Continue to sauté the onions for another 40 minutes. The process of caramelization of the onions takes a lot of tender, love and care, as you want them soft and coloured but not burned. So please lower the heat, toss the onions around and cover the pot. Make sure you do keep an eye on them, and toss them around once in a while. 
Now that the onions have been caramelized, add the beef stock, white wine, thyme and one bay leaf. Simmer for another 30 minutes and season with some black pepper.
In the meantime turn on your oven, and lightly toast 8 thin slices of French baguette. It is very important that the croutons are very dry and crusty, in order for them to lay on the surface of your soup instead of sink. 

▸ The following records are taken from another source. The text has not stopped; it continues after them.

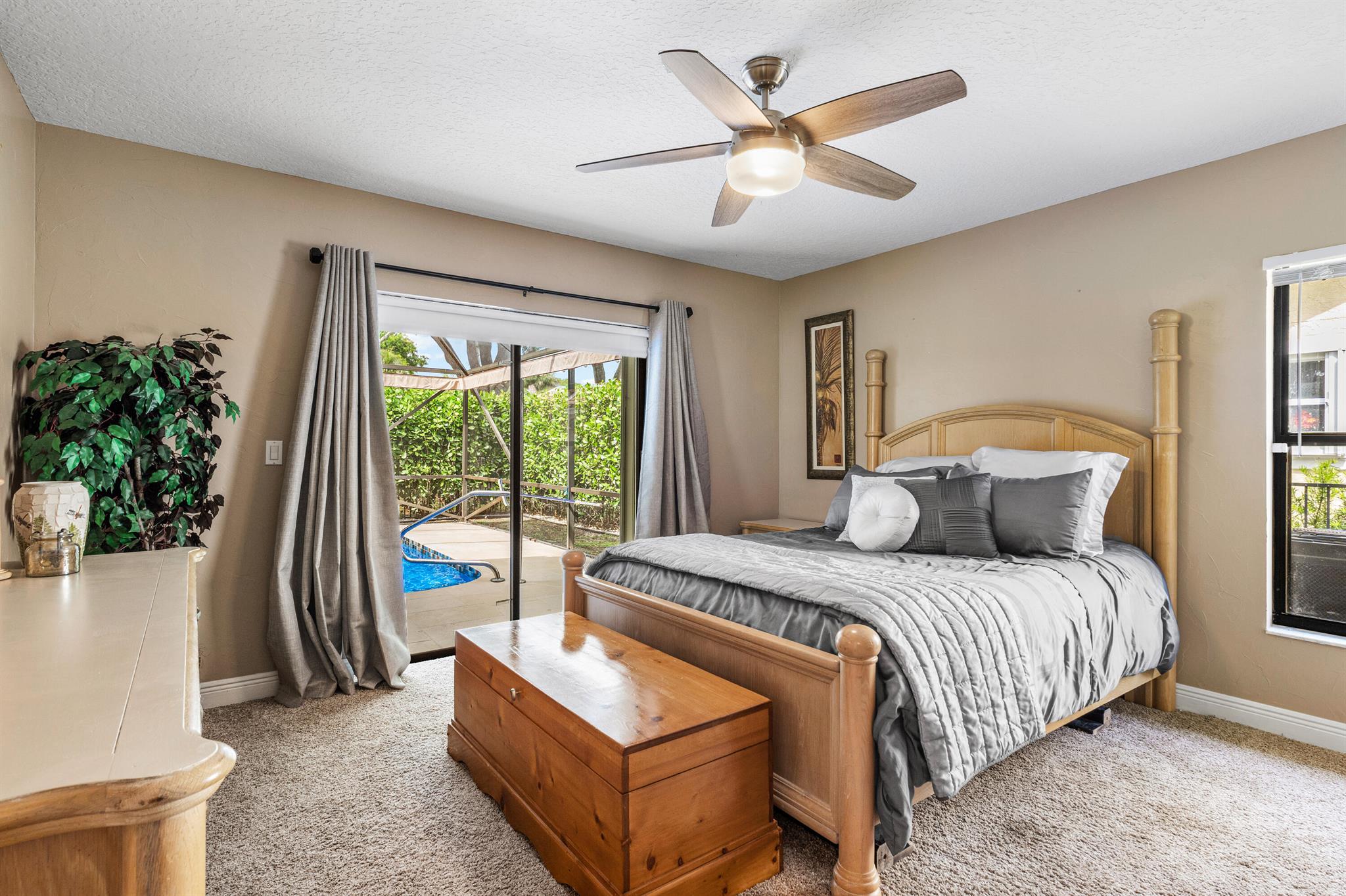 1607 Farmington Avenue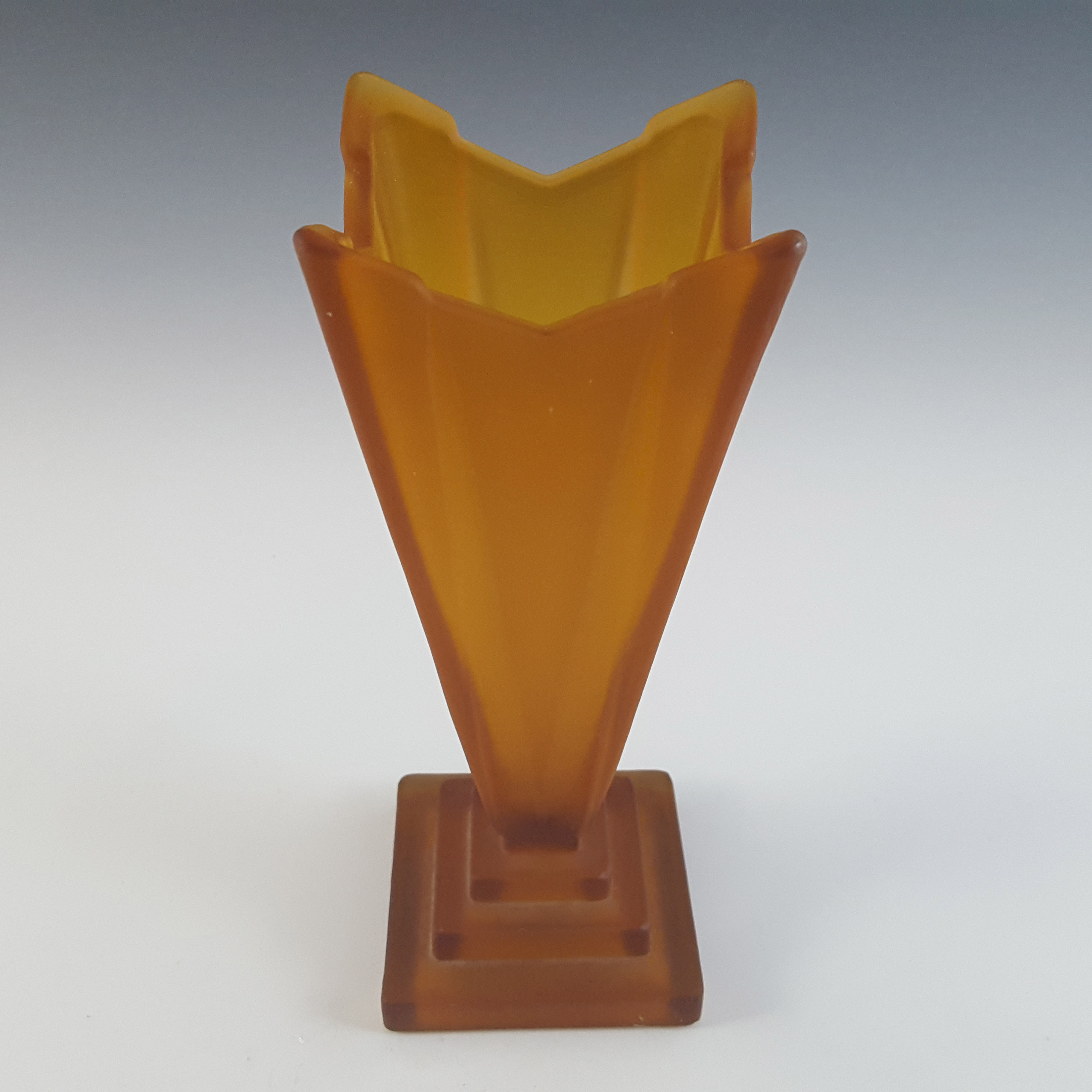 (image for) Bagley #1333 Art Deco 7.75" Frosted Amber Glass 'Wyndham' Vase - Click Image to Close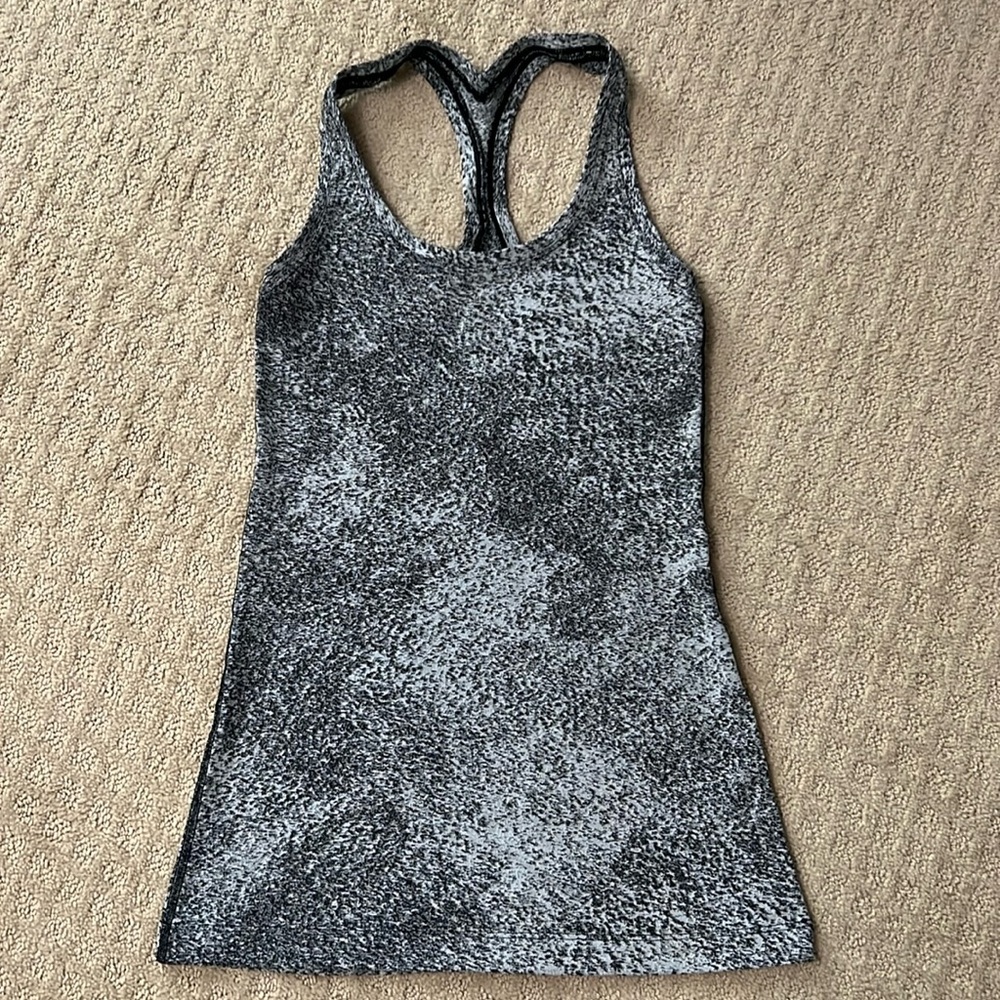 Women’s Lululemon Tank Top size 2. Excellent condition!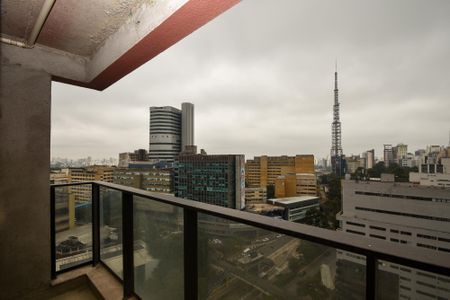 Apartamento à venda com 400m², 3 quartos e 3 vagas Apartamento à venda com 400m², 3 quartos e 3 vagasVaranda Suíte 1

A few minutes before you are ready to serve, return the slices of baguette, each topped with the goat cheese and a drop of honey, to your grill until the cheese is melted. 
Now ladle the soup into the bowls, top with your delicious croutons and enjoy.

Bon Appetite


----------



## TooTall (Apr 22, 2013)

Hey


Beautiful recipe! I really love the idea of honey and goats cheese with the onions. Lovely combination. The weather's cooling down rapidly here in Australia and a lovely onion soup seems just the thing to warm me and the good wife up. Great recipe.


----------



## Roll_Bones (Oct 28, 2013)

Do you use homemade beef stock?

I ask because I make my own chicken stock, but rarely make beef stock.

You're soup sounds great. I want to try it.  It sounds very much like the French onion soup we used to order at the restaurant.


----------



## MammaCat (Oct 28, 2013)

My goodness! I've got to try this recipe. We love anything onion, and this does sound good.

MammaCat


----------



## CraigC (Oct 28, 2013)

Nothing beats gruyere for onion soup!


----------



## Whiskadoodle (Oct 28, 2013)

I often substitute chicken stock instead of beef stock in onion soup.  And yes,  accept no substitutes when it comes to using gruyere cheese.


----------